Supreme Court jurisprudence on search and seizure is consistent on the issue. In R. v. Kang-Brown, it held that a police hunch could not ground even a sniffer-dog screening. In R. v. Chehil, Justice Karakatsanis explained that reasonable suspicion must rest on objectively ascertainable facts capable of independent judicial scrutiny and warned against diluting the standard by accepting grounds that amount to little more than subjective intuition. The entire point of the reasonable suspicion standard is to place mere suspicion on the wrong side of the Charter line.

A defence of the proposed threshold as “higher than mere suspicion” therefore says almost nothing. The government’s position, as articulated by one of its lead spokespersons on Bill C-22, amounts to an assurance that the bill does not authorize anything plainly unconstitutional. That is not an argument for the threshold chosen but rather a restatement of what the Charter already requires.

The question DeBellefeuille actually asked was why the government chose the lower of two real standards in Canadian law. Reasonable grounds to believe is the standard that governs the general production order under s. 487.014 and has been applied to subscriber information for more than a decade since the Supreme Court’s decision in R. v. Spencer, which recognized that subscriber information linked to online activity attracts a reasonable expectation of privacy. As I noted last month, Bill C-22 lowers that threshold. The bill is better than Bill C-2 on warrantless access, but the tradeoff is a reduction in the standard for judicially authorized access to information the Supreme Court has emphasized carries a reasonable expectation of privacy. Holding itself to an unconstitutional standard says a lot about the government’s inability to defend the lower threshold.

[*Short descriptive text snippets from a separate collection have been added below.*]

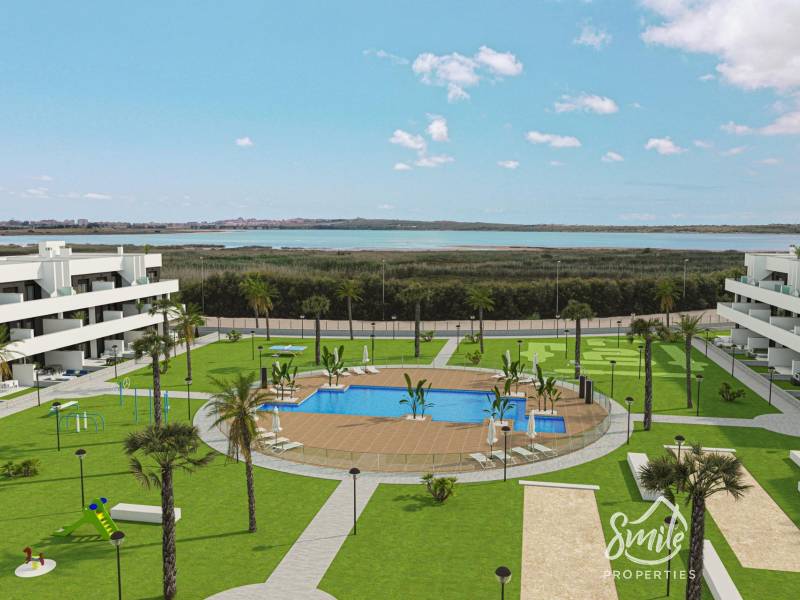 Appartement - New Build - Guardamar del Segura - EL RASO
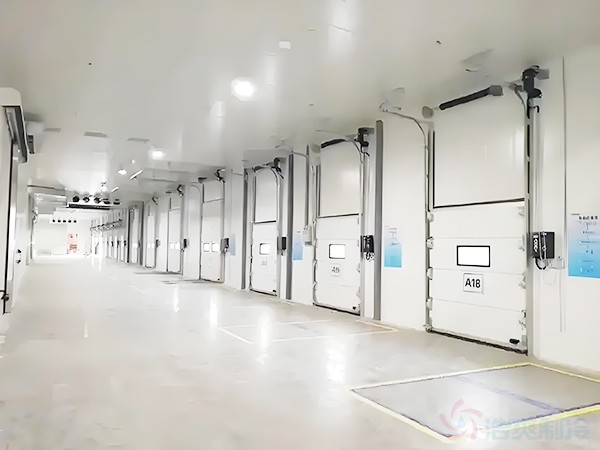 冷庫噸位和面積換算方法：倉儲容量與建設(shè)面積估算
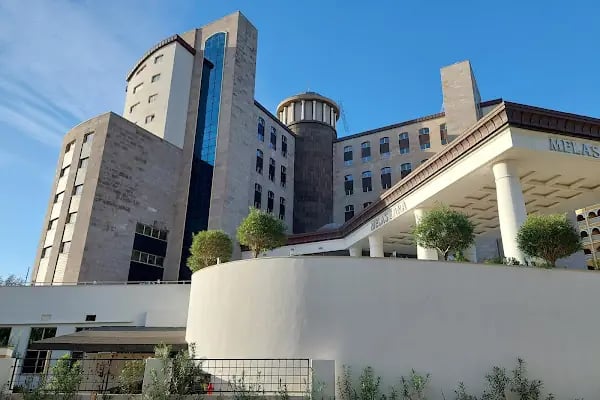 Melas Lara Hotel - Resim 12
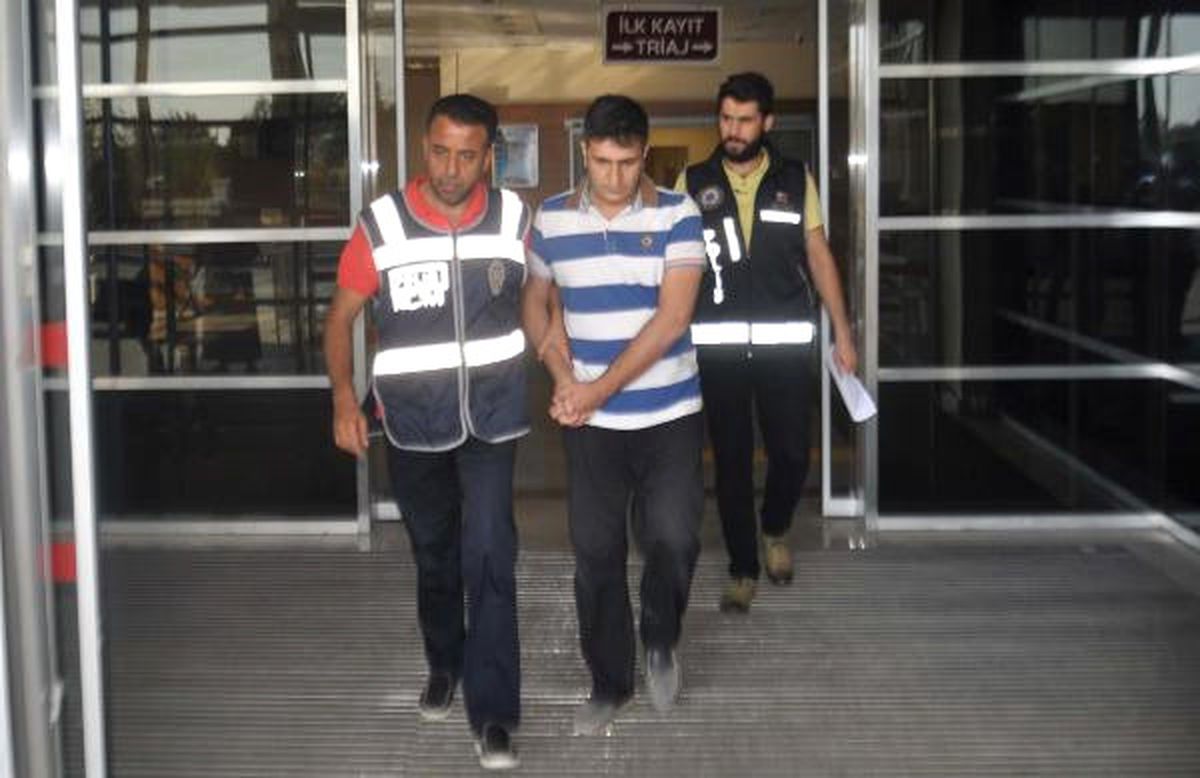 Adıyaman\'da Fetö Operasyonu: 4 Gözaltı
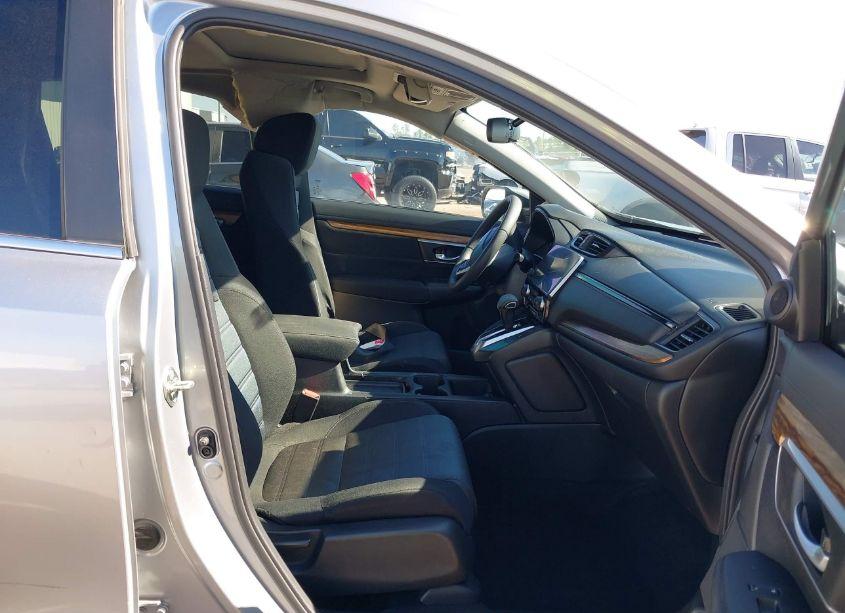 Photo 5 of 2017 Honda Cr-v EX (VIN 2HKRW2H55HH625347)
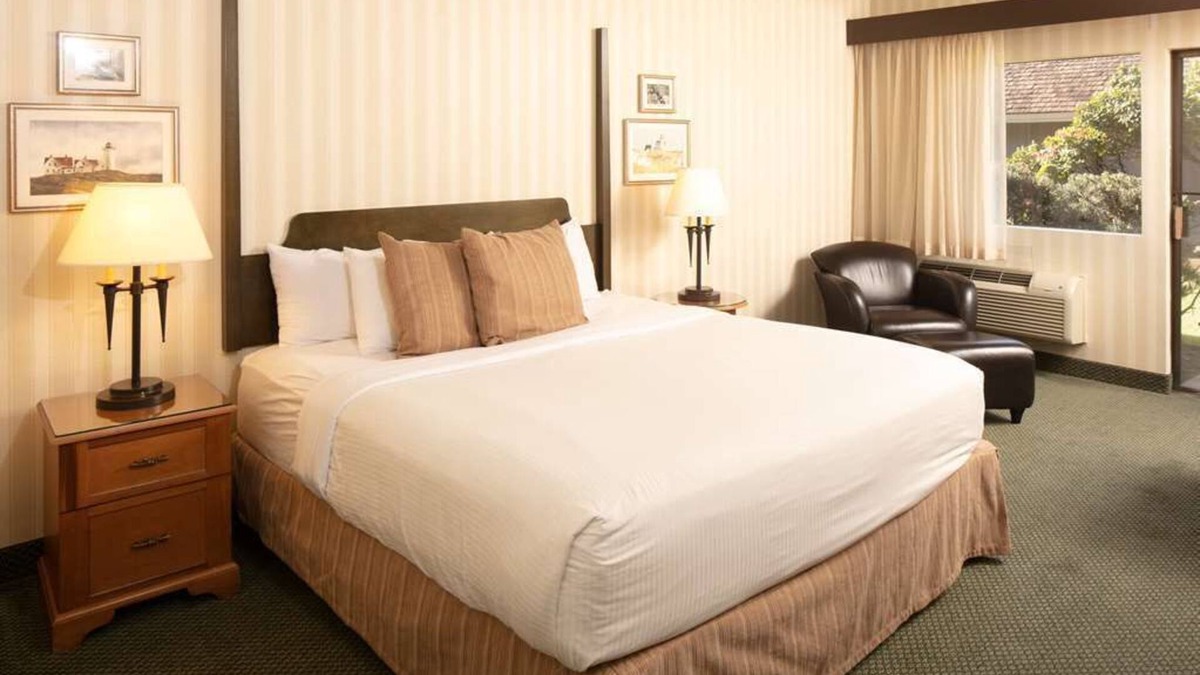 Wilburton Hotel | Affordable Lodging! Breakfast Included! Near Meydenbauer Bay Park! Pets Allowed!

Further, Lattanzio is not a backbench MP reaching for a talking point. She is the Parliamentary Secretary to the Minister of Justice, a lawyer, and the former chair of the National Security and Intelligence Committee of Parliamentarians whose report the government has cited in support of the bill. If that is the best defence the government can offer for lowering the evidentiary standard for police access to subscriber information, the provision does not have a defence. Justice Minister Sean Fraser used Friday’s Charter anniversary to highlight his concerns about provincial use of the notwithstanding clause. Before worrying about how others respect the Charter, perhaps he should ensure that his bill and his colleagues do the same.